This article in MarketWatch gave us a sober look into America’s retirement problems:
There’s a big difference between not saving enough and not saving at all.
You will only find out how big that difference is if you live it out, and a new study suggests that more people than ever are doing just that.
The latest COUNTRY Financial Security Index released Thursday showed that one in four Americans, across all age groups, is not saving at all for retirement. A majority of respondents (55%) said they either are not participating in a workplace sponsored retirement plan like a 401(k) or they don’t know if they are in a plan.
When more than half of Americans are not saving for retirement (or are simply not engaged in the process), that is a major problem. This also raises the question:
Why?
I can think of two major reasons:
1. Financial Illiteracy; and
2. Today’s Cost of Living Prevents Savings.

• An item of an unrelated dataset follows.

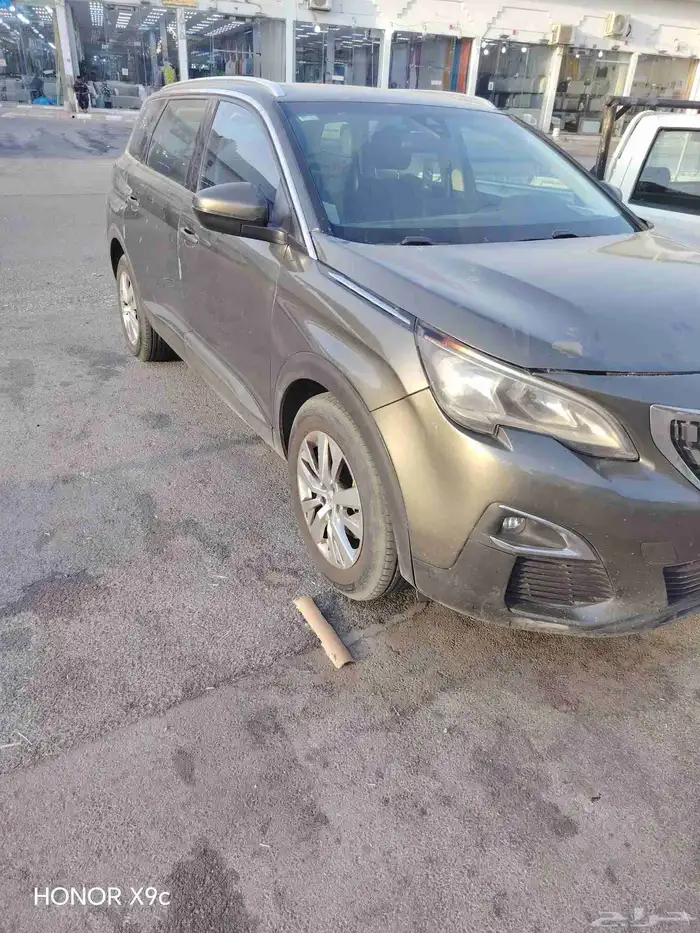 بيجو 5008 موديل 2020 4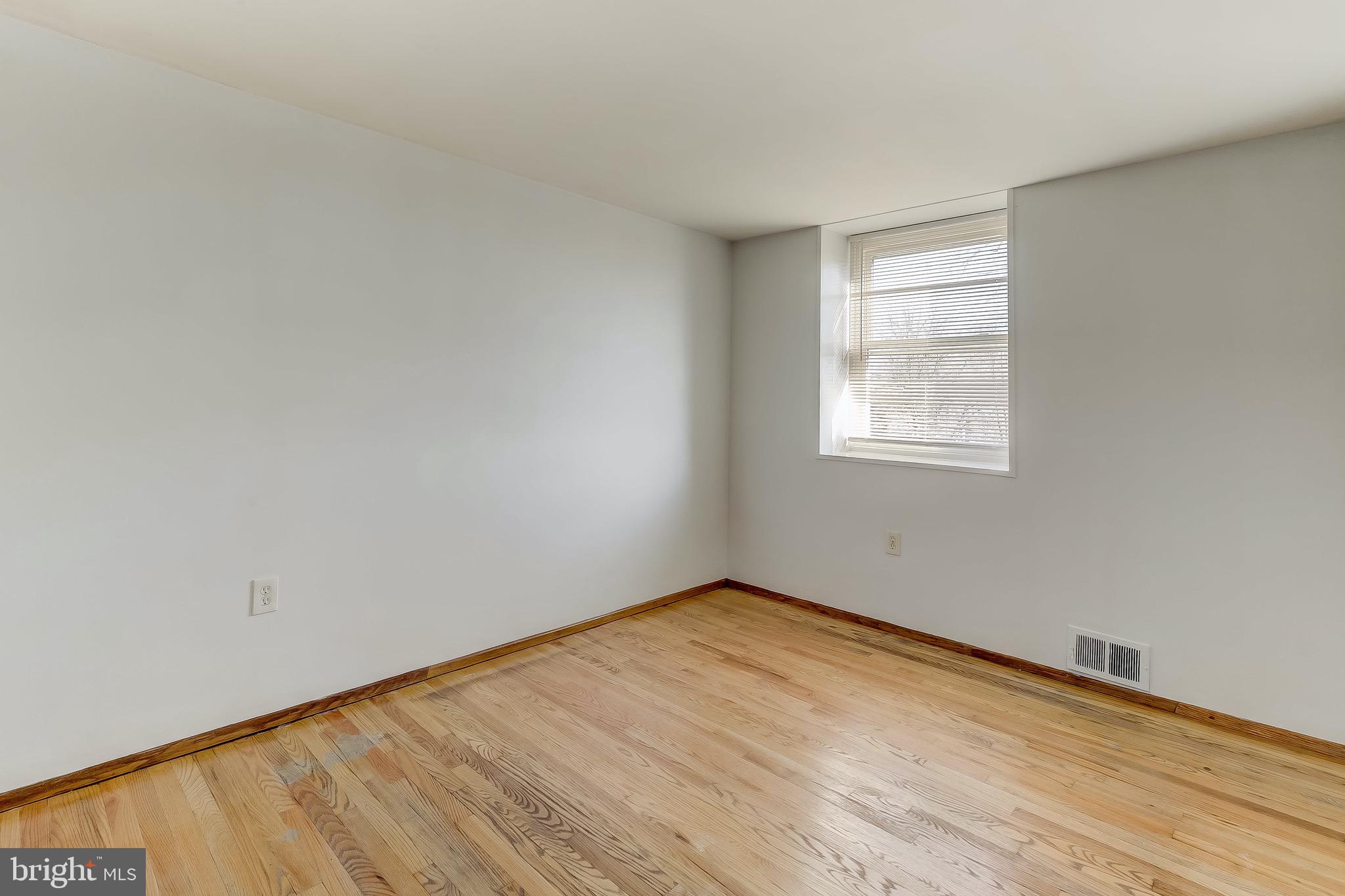 PARKVILLE - Residential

Financial illiteracy is a big term to lump in numerous reasons why people aren’t saving. This includes people not understanding concepts like compounding interest (interest adding to interest which, given enough time, leads to great returns). The great Richard Russell discusses compounding interest here in one of his greatest writings. Unfortunately, things like savings and compounding interest are typically not taught in public schools in the way that they should. Also, since Americans typically lack “financial education” (for lack of a better term), these concepts are not passed on to the youth–particularly poorer and middle class folks.
In other words, financial illiteracy compounds over time, too.
Another example of what I refer to as “financial illiteracy” is the mistaken belief or reliance that someone–whether it is the government, or a corporation–will “take care of me” in retirement. Some folks think that a very small amount of savings, when added to social security benefits, will be enough to retire. The problem with this is that social security is flirting with insolvency.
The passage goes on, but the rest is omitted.